The Neo4j ecosystem made graph data mainstream. Developers and business users alike can now easily structure their data in a way that matches the real-world.
This real-world view is especially useful for detecting fraud: who is involved, where and when does it take place, what assets do they hold, and - most importantly - how are each of these details connected.
Wikipedia’s community-based approach to editing makes it prone to many types of fraud, including artificial bot activities, brigading, digital vandalism and collusive behaviors. By examining controversial and topical Wikipedia articles together with their rich edit history, Christian demonstrates how using GRANDstack tooling the smart way can enable the detection of suspect patterns of behavior.
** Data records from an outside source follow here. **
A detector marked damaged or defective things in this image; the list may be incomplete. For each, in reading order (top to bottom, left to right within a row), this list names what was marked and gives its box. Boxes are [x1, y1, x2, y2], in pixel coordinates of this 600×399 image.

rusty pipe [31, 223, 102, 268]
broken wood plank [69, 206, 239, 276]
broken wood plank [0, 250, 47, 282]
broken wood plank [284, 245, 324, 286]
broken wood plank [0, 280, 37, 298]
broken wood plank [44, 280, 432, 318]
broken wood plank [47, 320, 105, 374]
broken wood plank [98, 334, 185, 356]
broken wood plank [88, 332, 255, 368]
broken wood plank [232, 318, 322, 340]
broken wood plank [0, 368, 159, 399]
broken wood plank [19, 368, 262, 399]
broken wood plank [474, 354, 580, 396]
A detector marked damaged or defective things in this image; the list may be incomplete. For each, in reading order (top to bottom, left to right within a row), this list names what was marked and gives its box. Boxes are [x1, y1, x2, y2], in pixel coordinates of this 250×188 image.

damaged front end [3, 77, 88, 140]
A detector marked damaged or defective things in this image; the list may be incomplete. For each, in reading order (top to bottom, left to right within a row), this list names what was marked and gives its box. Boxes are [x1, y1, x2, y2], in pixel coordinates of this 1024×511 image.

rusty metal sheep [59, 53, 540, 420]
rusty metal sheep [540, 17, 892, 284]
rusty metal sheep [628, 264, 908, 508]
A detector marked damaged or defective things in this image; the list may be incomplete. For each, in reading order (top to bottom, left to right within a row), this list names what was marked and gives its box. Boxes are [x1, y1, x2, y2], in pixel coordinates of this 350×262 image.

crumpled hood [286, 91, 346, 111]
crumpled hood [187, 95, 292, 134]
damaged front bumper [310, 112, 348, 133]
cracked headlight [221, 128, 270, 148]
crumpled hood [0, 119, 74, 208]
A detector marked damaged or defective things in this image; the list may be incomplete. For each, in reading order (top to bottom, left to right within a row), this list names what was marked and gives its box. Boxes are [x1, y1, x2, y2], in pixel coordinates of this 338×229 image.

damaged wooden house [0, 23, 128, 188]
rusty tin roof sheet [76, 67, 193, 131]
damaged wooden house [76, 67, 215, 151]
GRANDstack gives developers the premium tools they need to build consistent, extensible applications for trend and pattern analysis. Christian guides you through the steps needed to implement an end-to-end anomaly detection platform, explaining why each technology in the modern GRANDstack approach is the right choice. He’ll include:
- streaming techniques for ingesting large volume data
- core graph modeling in Neo4j
- GraphQL querying to reveal complex interaction behaviors
- visualizing and actioning suspicious networks in a React front-end
Christian has extensive Neo4j Graph platform experience. He’s worked with Fortune 500 companies building graph analytics applications and bringing them to production successfully.